Exercise - From first line to last, transcribe the listing exactly and skip any image.

Dataset section -
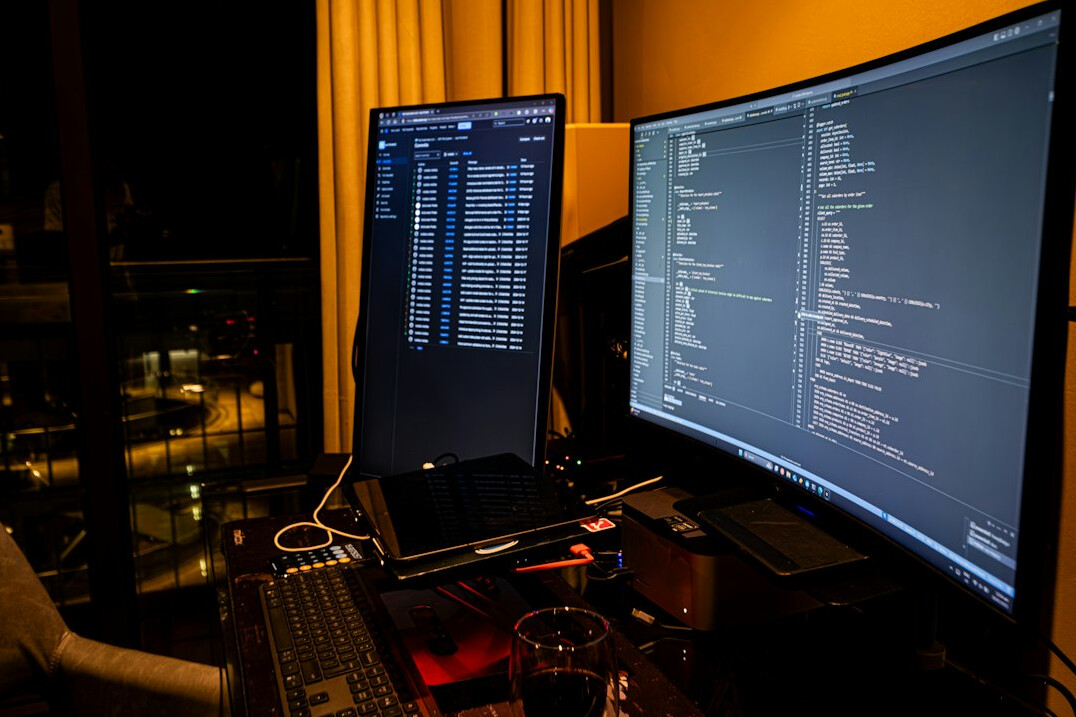 Code on a laptop screen in a dim room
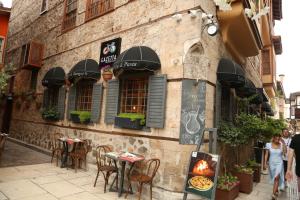 a woman walking past a building with tables and chairs at Gazetta in Antalya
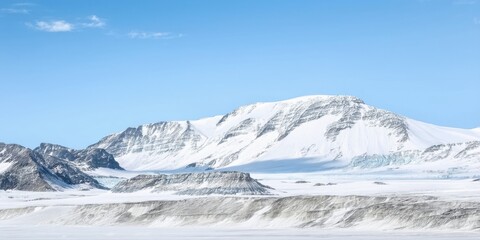 Naklejka premium Snowy mountains dominate landscape. White peaks contrast with blue sky. Frozen terrain extends toward horizon. Quiet, remote beauty.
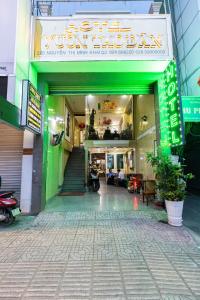 an entrance to a building with a green and white sign at Vuon Tao Dan Hotel - Trung Tâm Thành Phố Gần Chợ Bến Thành in Ho Chi Minh City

Task result -
 Code on a laptop screen in a dim room
 a woman walking past a building with tables and chairs at Gazetta in Antalya
 Naklejka premium Snowy mountains dominate landscape. White peaks contrast with blue sky. Frozen terrain extends toward horizon. Quiet, remote beauty.
 an entrance to a building with a green and white sign at Vuon Tao Dan Hotel - Trung Tâm Thành Phố Gần Chợ Bến Thành in Ho Chi Minh City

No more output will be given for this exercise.